Top of Dataset extract
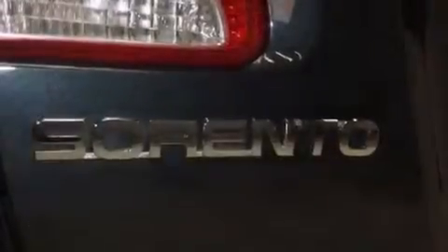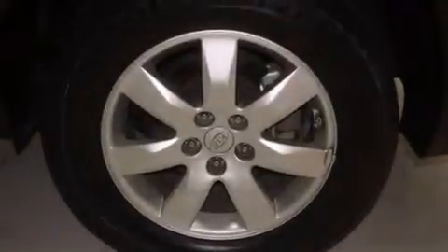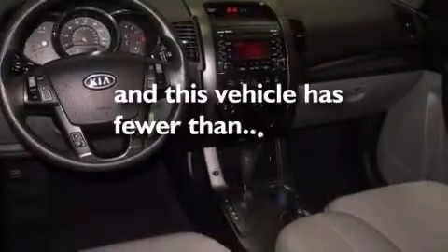The following features are also included: cruise control, full power accessories, an illuminated driver's side vanity mirror, a passenger side airbag, rear seat childproof door locks, brake assistance technology, and this vehicle has less than 23,000 miles.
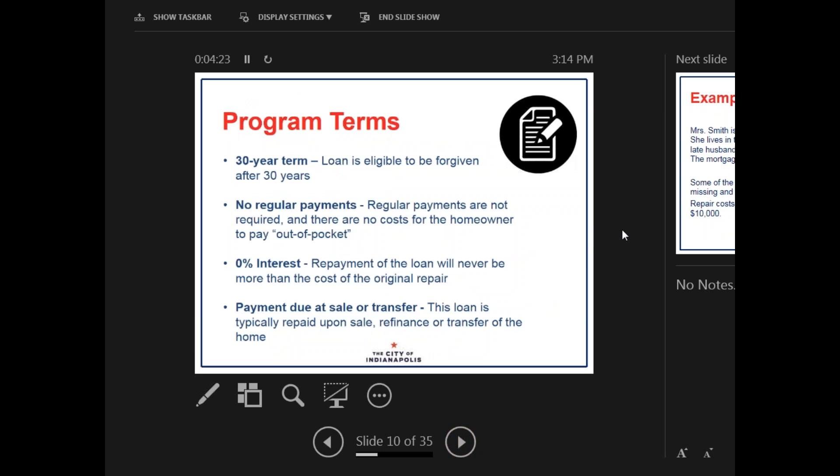The program terms specifically are that this is a 30-year term — a loan that is eligible to be forgiven after 30 years. There are no regular payments required, so there are essentially no costs for the homeowner to pay out of pocket either before the work begins or after the project is completed. The repayment of the loan will never be more than the cost of the original repair, and payment is only due at sale of the home or transfer of the property. This means that the loan is typically repaid upon sale, refinance, or transfer of the home.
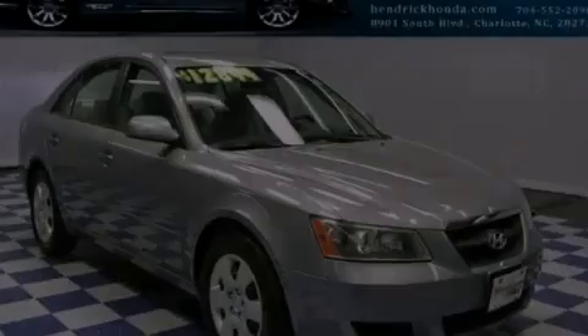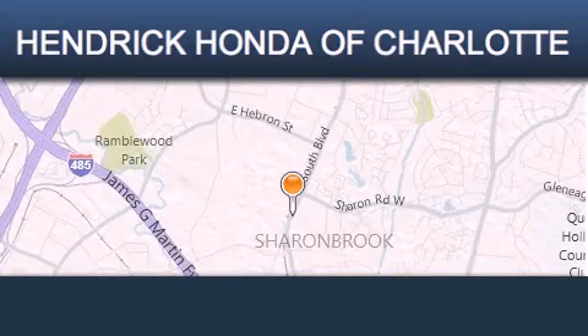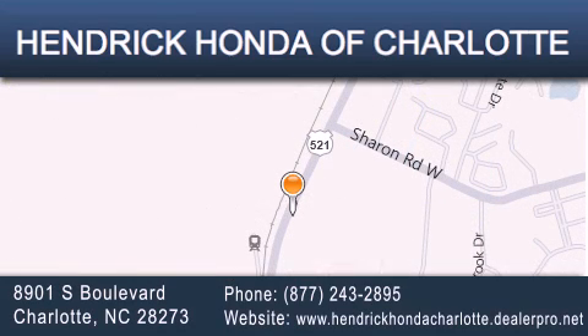Please call today to reserve this vehicle for a test drive. Hendrick Honda Charlotte is located at 8901 South Boulevard in Charlotte. Our goal is to exceed all of your expectations to ensure that you'll return for future visits.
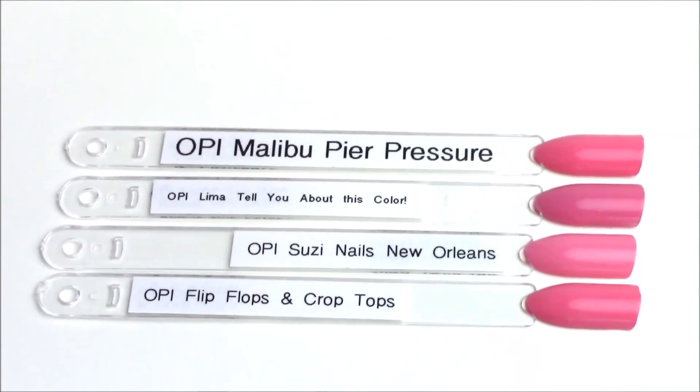Last up is the pink of the collection, OPI Lima Tell You About This Color. I kept calling it a dusty bubblegum pink because it has more dustiness than typical bubblegum pinks. OPI Malibu Peer Pressure from the California Dreamin' collection is much more vibrant. Suzy Nails New Orleans is close but has a terrible formula and is not as dusty. When compared, Lima Tell You About This Color almost has a dusty mauve undertone. OPI Flip-Flops and Crop Tops is also not a dupe.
Bottom of Dataset extract
» **Task objective**: Give the data above again in full and unchanged, skipping the pictures.

» **Response below**:
The following features are also included: cruise control, full power accessories, an illuminated driver's side vanity mirror, a passenger side airbag, rear seat childproof door locks, brake assistance technology, and this vehicle has less than 23,000 miles.
The program terms specifically are that this is a 30-year term — a loan that is eligible to be forgiven after 30 years. There are no regular payments required, so there are essentially no costs for the homeowner to pay out of pocket either before the work begins or after the project is completed. The repayment of the loan will never be more than the cost of the original repair, and payment is only due at sale of the home or transfer of the property. This means that the loan is typically repaid upon sale, refinance, or transfer of the home.
Please call today to reserve this vehicle for a test drive. Hendrick Honda Charlotte is located at 8901 South Boulevard in Charlotte. Our goal is to exceed all of your expectations to ensure that you'll return for future visits.
Last up is the pink of the collection, OPI Lima Tell You About This Color. I kept calling it a dusty bubblegum pink because it has more dustiness than typical bubblegum pinks. OPI Malibu Peer Pressure from the California Dreamin' collection is much more vibrant. Suzy Nails New Orleans is close but has a terrible formula and is not as dusty. When compared, Lima Tell You About This Color almost has a dusty mauve undertone. OPI Flip-Flops and Crop Tops is also not a dupe.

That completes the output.